India is experiencing a near doubling of demand for electric cars and two-wheelers, as sharply higher fuel prices due to the Iran war prompt a growing number of consumers to switch. This has triggered an unprecedented demandsupply imbalance, catching the industry off-guard, with companies scrambling to fulfil the surge in orders. Their efforts are however crimped by suppliers unable to keep pace due to manpower shortage and supply chain issues.
“In the last 15 days, things have changed completely,” said Shailesh Chandra, managing director at Tata Motors Passenger Vehicles and Tata Passenger Electric Mobility on Wednesday. “It is an even sharper growth in interest than what I was seeing two to three weeks ago.” At Tata Motors, the country’s largest electric car maker, demand is running at 2 to 2.5 times its current monthly capacity of 9,000-10,000 cars.
“Whatever you give me, I will sell, just send me units,” said Ravneet Phokela, chief business officer at electric two-wheeler maker Ather Energy, citing conversations with dealers. The sales data reflect the intense market demand. Electric car registrations jumped 51 per cent to 21,669 units this month as of May 27. Electric two-wheelers climbed 36 per cent to 1,43,668 units over the same period, according to the government’s Vahan portal.
Automakers say the real bottleneck is not on the factory floor. Chandra said Tata’s in-house manufacturing is not the constraint — it is the inability of suppliers to ramp up fast enough. The company is targeting a 50 per cent capacity increase within three to four months, taking monthly output to around 15,000 units.
Mahindra & Mahindra tells a similar story. The company hasn’t been able to produce enough EVs, particularly the BE 9S seven-seater electric SUV, which has been in strong demand since launch, due to labour shortages at suppliers. Though Mahindra declined to comment officially, its dealers confirmed the pressure. “On an admittedly low base, enquiries have inched up 30 per cent and conversion into sales has doubled to 20 per cent,” said a M&M dealer.

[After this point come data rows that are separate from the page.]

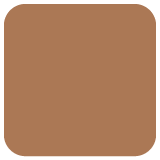 Whatsapp design of the medium skin tone emoji verson:2.23.2.72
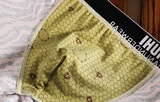 Gunner Leopard Printed Slim Fit Boxers (set of 04)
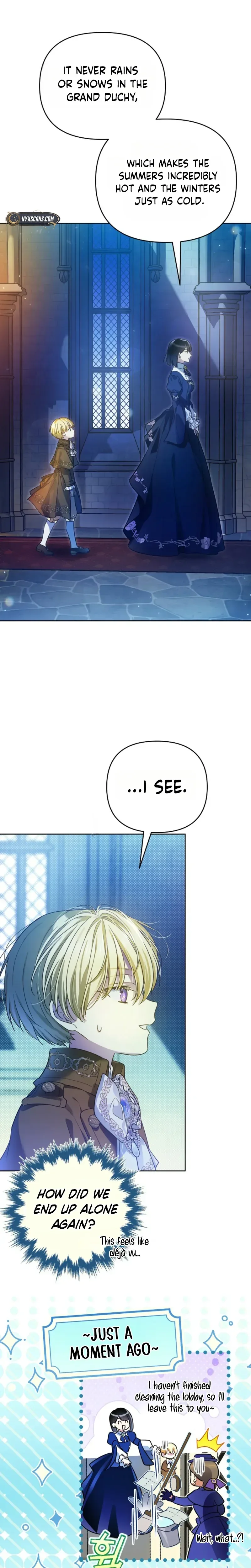 Became a Fake Prince Chapter 2 Page 40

The share of electric SUVs in Mahindra’s overall mix rose to 10 per cent in May from 8 per cent at the end of the March quarter. At Tata Motors, the share climbed to 18 per cent from 14 per cent in the same period.
Phokela explained that the supply crunch has been compounded by factors beyond the demand surge itself. A shortage of LPG that preceded the latest fuel price hikes disrupted component makers reliant on gas-fired equipment, while a wave of migrant labour returning to their hometowns due to elections in some states left suppliers short of hands even where materials were available.